Cette nécessité de reconnaître, dans la rotation diurne des planètes, la même cause qui est la source de tous les mouvements naturels, l’attraction, me paraît apporter un témoignage considérable en faveur de l’exactitude de notre théorie qui, d’un principe fondamental unique, fait découler si aisément l’explication des faits particuliers.

Mais si la rotation d’un corps résulte de son mode de formation même, toutes les sphères de l’univers doivent tourner sur elles-mêmes. Pourquoi la Lune ne tourne-t-elle pas ? Car si elle semble tourner en ce sens qu’elle présente toujours la même face à la Terre, cette rotation apparente n’est, pour plusieurs astronomes, que l’effet d’un défaut d’équilibre entre ses deux hémisphères. Ne pourrait-elle pas avoir autrefois tourné beaucoup plus vite autour de son axe, puis je ne sais quelles causes seraient intervenues, qui auraient réduit peu à peu son mouvement à ce faible reste que nous percevons aujourd’hui ! Si l’on peut résoudre ce problème pour une seule des planètes, l’application s’en fera d’elle-même à toutes les autres. Je réserve cette solution pour une autre occasion, parce que le problème a une connexion étroite avec celui que l’Académie des Sciences de Berlin a proposé comme sujet de prix pour 1754[1].
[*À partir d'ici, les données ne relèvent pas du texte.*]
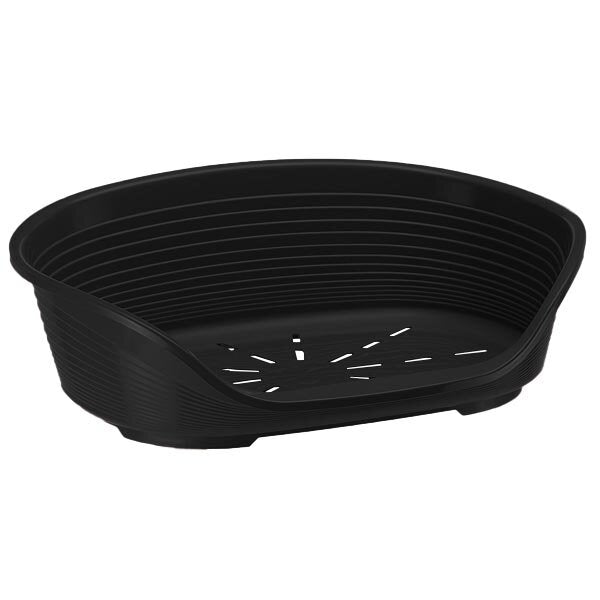 Ferplast Siesta Deluxe Cuccia Cani/Gatti in Plastica Nera Misura 4-1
La théorie qui explique la rotation des planètes, doit pouvoir

  1. Kant a traité cette question de la variabilité du mouvement de rotation de la Terre dans une note de quelques pages intitulée : Untersuchung der Frage ob die Erde in ihrer Umdrehung um die Achse… einige Veränderung erlitten habe, 1754 (t. VI de l’édition de Rosenkranz et Schubert, p. 3. — T. I de l’édition de Hartenstein, p. 179). C’est dans cette note que se trouve énoncée pour la première fois, que je sache, la solution d’un problème qui a pris dans ces derniers temps une très grande importance. Kant arrive en effet à cette conclusion, que le mouvement des marées produites par les actions du Soleil et de la Lune a nécessairement pour conséquence un ralentissement progressif de la rotation de la Terre.